Meet State Rep. Mary Hakken-Phillips

Age:

39

Area represented:

Hanover and Lyme (Grafton 12)

Occupation and employer:

Attorney, Tarbell & Brodich, PA

Number of years in NH:

5

Favorite place in NH:

My favorite place in New Hampshire is Hanover – a bustling community at the intersection of the Appalachian Trail, Connecticut River, Dartmouth College, and New England-style politics.

Describe NH in three words:

Community. Nature. Patriotism.

Year first year elected to the legislature:

2020.

Legislative priorities:

My legislative priorities are retaking Democratic control of the New Hampshire House, Senate, Governor’s office, and Executive Council while working towards a more just, equitable, and inclusive State.

What was your path to politics?

My path to politics is grounded in a lifelong interest in politics and the law, springing from as far back as middle school when I served in student government. In high school, I was an American Legion Auxiliary’s Michigan Girls State Delegate. In college, I was as a U.S. Senate Intern in Washington, DC. I’ve volunteered as a grass roots campaigner in County, State, and National elections, including knocking on doors and phone banking for judges, presidents, and policies. My education is in Political Science and Law. I am member of the NH Bar and currently practice Real Estate and Business Law.

I believed 2020 was going to be a milestone year for the Democratic Party to more adequately reflect its base by nominating and electing socially progressive, highly qualified women, LGBTQ+ and BIPOC to NH government. I believe Science, facts, logic and reasoning should be driving policy-making. I believe in the rule of law. I believe people like me need representation in all levels of government. And, I believe there is no time like the present – so I ran for office.

What barriers did you face running for office? How did you overcome them?

The biggest barrier I faced running for office was a crowded field. I had a competitive primary with 9 candidates on the ballot (although one dropped before election day). There were so many qualified candidates who were deeply passionate about New Hampshire. Luckily, I advanced to the general election by staying active with the local Party, relying on my previous grassroots campaign experiences, preparing my thoughts in advance of Party events, and supporting my positions with data and well-informed arguments.

What is the most pressing issue facing young people in NH?

The most pressing issue facing young people in NH is the pandemic. COVID-19 will continue to put pressure on affordable housing, education, employment, healthcare, student loan debt, and voting rights. In order to address our State’s greatest concerns, we need a healthy electorate and economy. That requires people getting vaccinated, wearing masks, washing hands, and staying socially distant to reduce infection rates and prevent unnecessary deaths.
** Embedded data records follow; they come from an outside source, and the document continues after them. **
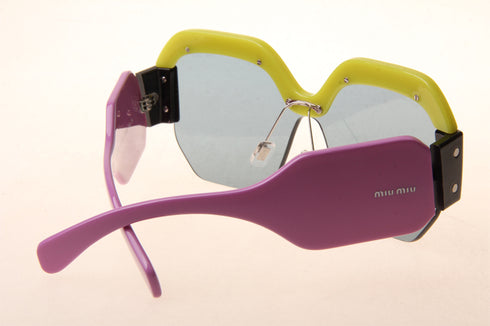 Fashion & Lifestyle: Miu Miu Sunglasses... Fall 2015 Womenswear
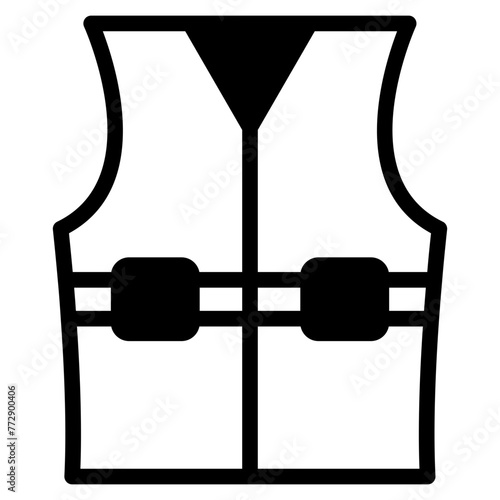 life vest dualtone 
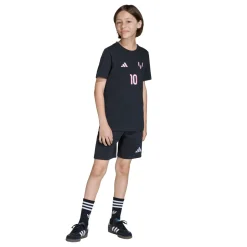 Messi - Junior Soccer T-Shirt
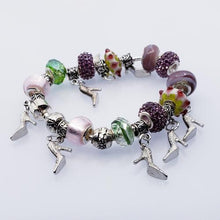 Load image into Gallery viewer, Poison Berry Bracelet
How could NH be made even better for young people?

Improving New Hampshire for young people requires young people to get involved. The more representation of younger people on nonprofit boards, corporate boards, school boards, select boards, private associations and government at all levels will naturally lead to addressing the concerns of young people. The gap between young people’s aspirations and our current society can be filled by using our voices in all places where decisions are being made.

What advice do you have for other young people considering running for office?
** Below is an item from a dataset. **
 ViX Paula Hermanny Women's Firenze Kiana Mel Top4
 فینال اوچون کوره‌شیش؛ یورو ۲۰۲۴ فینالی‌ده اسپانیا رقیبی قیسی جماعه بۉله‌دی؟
Please don’t wait for someone to tell you that you’re ready or that you’re experienced enough. Find your support system and run for office. If you care about policy, you are enough.

How can the state legislature be more supportive in encouraging more young people to run for office?
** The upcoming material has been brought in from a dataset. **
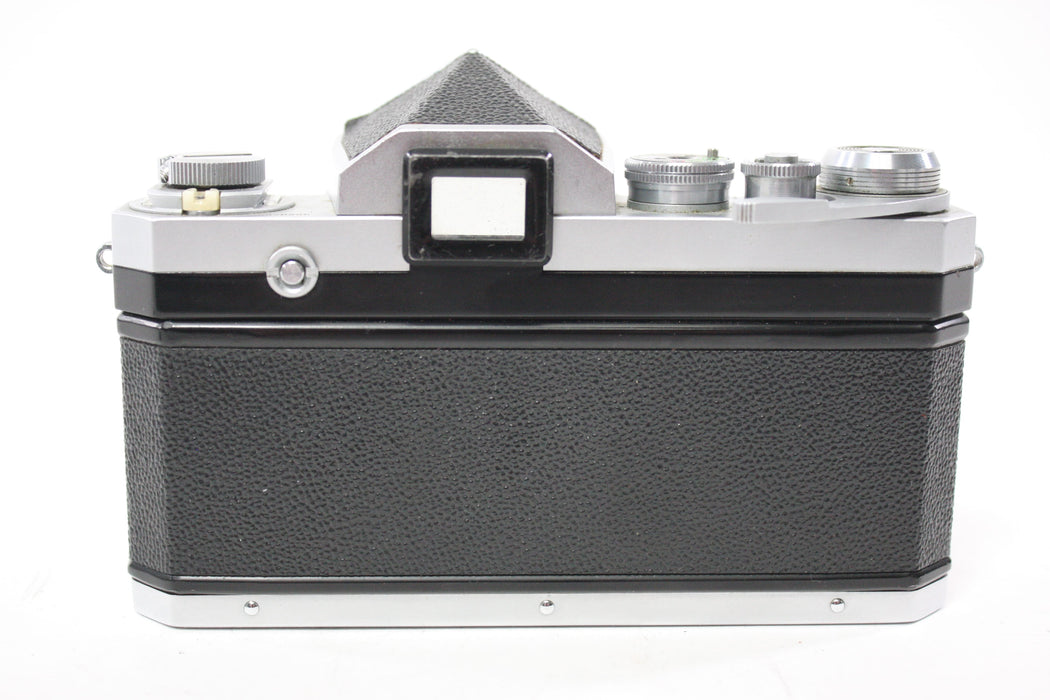 Nikon F 35mm SLR Camera Body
The NH Legislature can be more supportive in encouraging more young people to run for office by dispelling with the notion that NH has a part-time legislature. After two months of session, I can attest that the job of a NH State Representative is nearly full-time with odd evening hours and weekend overtime. By insisting that this is a part-time legislative body, NH props up an elitist form of government where those who don’t have flexible work hours and supportive childcare are excluded. If only retirees and independently wealthy legislators are creating policy, then the rest of the State will never be adequately represented. If a diversity of voices is omitted from the NH State House, then the Granite State is only hurting itself. NH needs to pay a livable wage to lawmakers and offer childcare, so that our legislators and legislation more accurately reflects a cross-section of our population.

Can you recommend a resource for young people that are interested in learning more about politics, policy and bills, or advocacy?

Staying informed isn’t easy and there is no one stop shop. The best resources for young people interested learning more about politics, policy, and advocacy are: your local party office, independent news publication, and public radio station.

For fun, tell us something about yourself that others may not know!

I enjoy running, and walking my two rescue dachshunds.

[Also, I’m running out of time on the “Under 40” label. I turn 40 in a couple months.]